The brand, formerly known as SlashedbyTia, is known for its Renaissance-inspired designs and is largely informed by Adeola’s passion for art history. The Nigerian-born and United Kingdom-raised designer indulges in her interests while grappling with the marginalized Black people who appear in European art as slaves or jesters. Paying tribute to these people, Adeola decided to launch a company that explored Renaissance muses and society, while showcasing Black women in elements previously reserved for white women. Her vision gave life to a combination that puts the Sistine Chapel to shame and is now her signature: Black women in ruffles.
“Hardies Hardware” by Tyshawn Jones
Skate culture and fashion have become almost inseparable, even apart from streetwear.

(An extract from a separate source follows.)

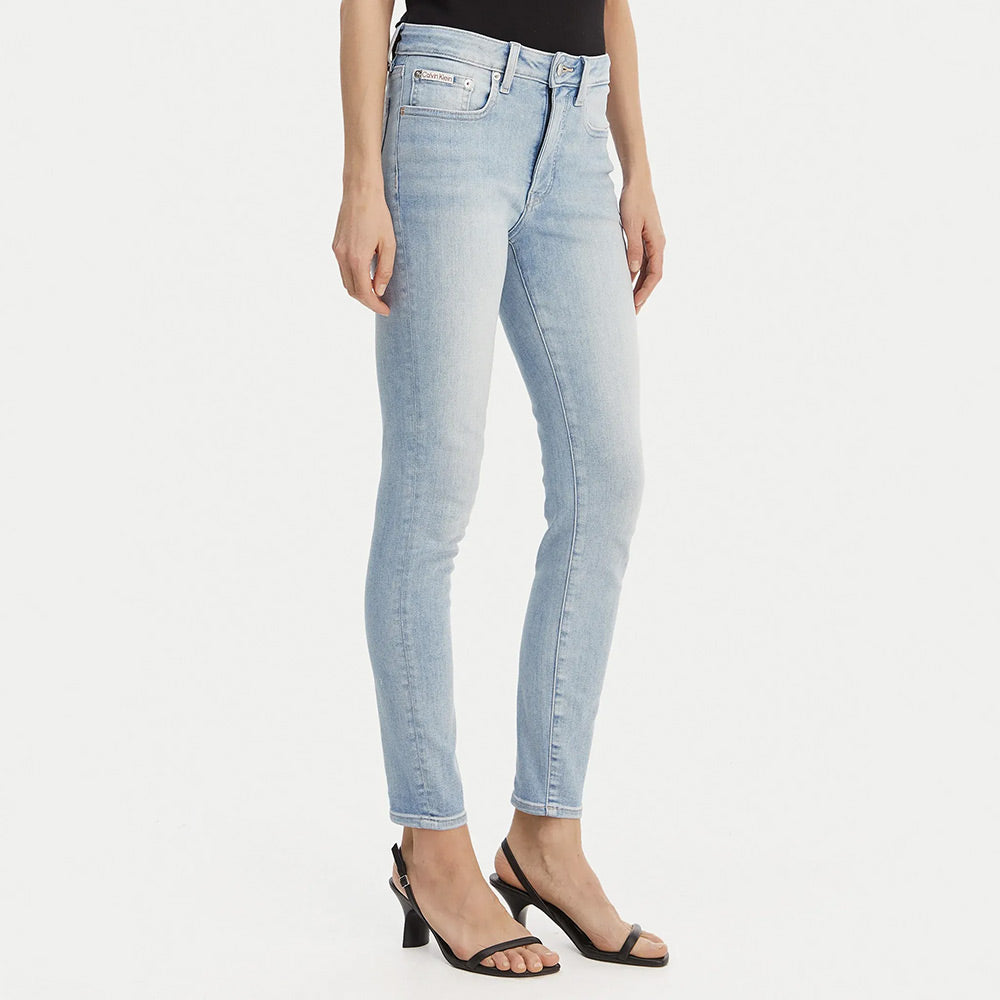 Mid Rise Skinny Jean - Denim Light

While most skaters dream of securing a sponsorship with one of the industry’s top brands (this is where I’m obligated to mention Supreme), Tyshawn Jones, 2018’s Thrasher Skater of the Year, decided to become the brand with Hardies Hardware.
Hardies began as a facetious concept amongst Jones’ friends from skate crew Illegal Civilization — a hardware store that also sells clothing — but launched as a collaboration with friend Na-kel Smith in 2014. The brand now provides a mix of tees, knit pullovers and — staying true to its identity as a skate company — cruiser decks. However, it’s Hardies’ classic NYC trucker hat that’s most worth buying. The tribute to Jones’ hometown reflects his efforts to maintain east coast representation in a sport that’s too often associated with the west coast.
“MATTE Brand” by Briana Wilson
“I like to show real women in the clothes so that real women will buy them,” said Briana Wilson.
Wilson, founder of “MATTE,” approaches her designs with a commitment to minimalism and realism. The 24-year-old designer launched the brand in 2014 with simple bodysuits modeled by non-agency models. Her most recent Fall/Winter “1992” collection offers strappy sets, mini-skirts and cropped crocodile jackets in taupe and chocolate nudes. Wilson hasn’t strayed from her roots, however. Her “MATTE FRAME” collection features body-hugging loungewear and sweaters. Wilson’s sleek and straightforward design ethos reminds us that style can be comfortable and that simple is sexy.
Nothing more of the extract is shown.